Though Yakuza 4 is still a solid game, it’s definitely starting to show its age. The first issue is the full-time return to Kamurocho, something that hasn’t been the case since the original game. While the addition of rooftop and underground areas adds a ton of new spots to explore, you still spend much of the game wandering around the same city that’s been used for years now. Without an Osaka or Okinawa to explore this time around, the familiar setting can be a bit… suffocating, I guess. The combat, which has always been solid, is also beginning to show signs of wear. The general mechanics haven’t changed at all, and it’s never exactly been perfect – it’s still way too easy to punch at air with the awkward targeting. The series also remains a bit light on challenge – seeing the game over screen almost takes effort on the default difficulty.

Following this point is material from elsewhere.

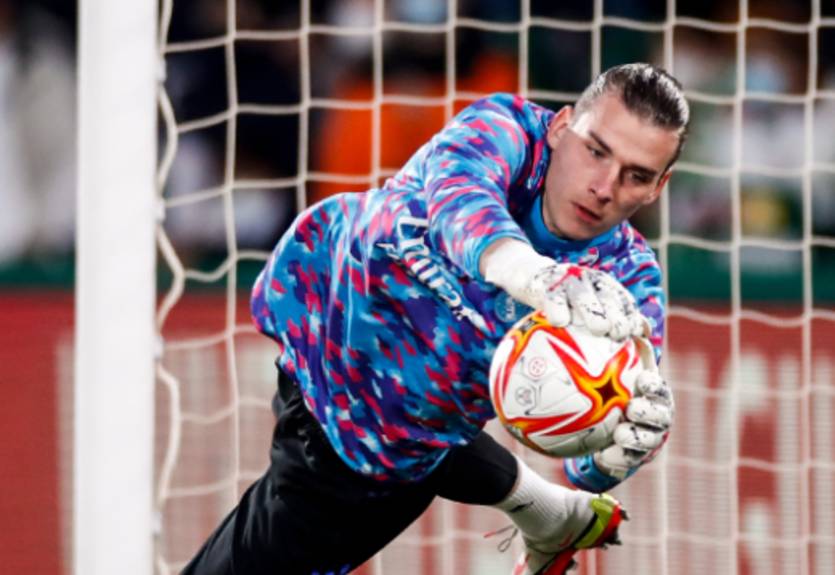 Лунин помог Реалу выбить Эльче из Кубка Испании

Still, the game delivers a lengthy quest with tons and tons of diversions, from wasting time with UFO machines, to eating lots of food, to hanging out at the homeless casino (really), to romancing the numerous Hostesses in the clubs, which have made a welcome return after being cut from Yakuza 3.
Yakuza 4 hasn’t really received much of a visual upgrade either. There are some great rainy day effects, but they rarely pop up, and otherwise you’re left with the same engine as Yakuza 3. That means you’re going to get weird character models that are beefed up and constantly out of breath, alongside repetitive design for NPCs and opponents. It’s not bad, mind you, but considering the game uses the same basic engine as the original Yakuza game, it’s definitely aging. This is one of those times, however, that the massive amount of content evens out any visual issues, and hey, it doesn’t have framerate issues or any other technological problems.

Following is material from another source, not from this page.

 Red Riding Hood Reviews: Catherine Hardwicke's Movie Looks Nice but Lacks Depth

Like Yakuza 2 and Yakuza 3, Yakuza 4 uses Japanese voices with English subtitles. Some might balk at this, of course, since it means constant reading of cutscenes instead of just listening, but it fits the whole “gangsters in Tokyo” motif. But with the Japanese voices, you know you’ll get some quality acting, and more importantly, familiar characters use the same talent as before, so they’re familiar voices even in a foreign language. The music is the Yakuza standard – dramatic pieces for story scenes, balanced by crazy J-rock and J-pop for battles. The included Karaoke songs are pretty awesome too. One thing I miss (or just don’t notice anymore) is the recording of crowd noise – in the PS2 games, one could always hear the buzz of people talking around you.

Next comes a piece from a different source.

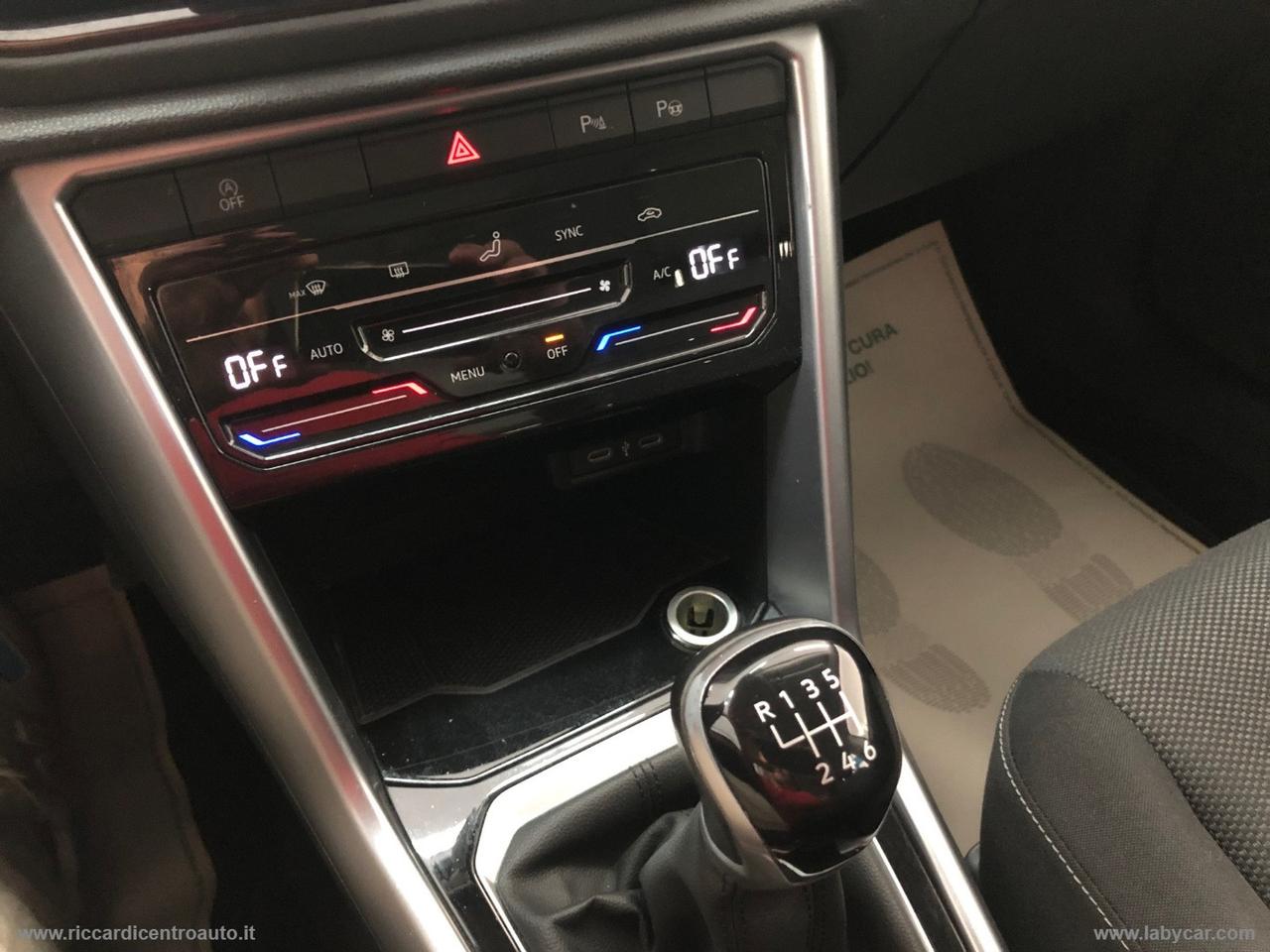 VOLKSWAGEN T-Roc 2.0 TDI SCR Life - FULL LED/NAVY/SENSORI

Recommending Yakuza 4 goes a little something like this: if you’re a fan, this is a must-buy game. The series is starting to age a bit, and some time off is definitely needed to recharge some batteries over at Sega, but what’s here is still high quality gaming. It’s lengthy, it’s unique, and it’s mature in its storytelling, making it a rare game that doesn’t use blood and guts to tell its sordid tales of life in organized crime. Without getting too hyperbolic, the Yakuza series can almost be considered The Godfather of games… though Yakuza 4 is dangerously close to being The Godfather Part III of the series. It’s still great, but we’re reaching overkill status and that would be a shame. This series is just too good to be run into the ground so quickly.
Review Disclosure: A retail copy of Yakuza 4 was purchased by Warp Zoned for the purposes of this review.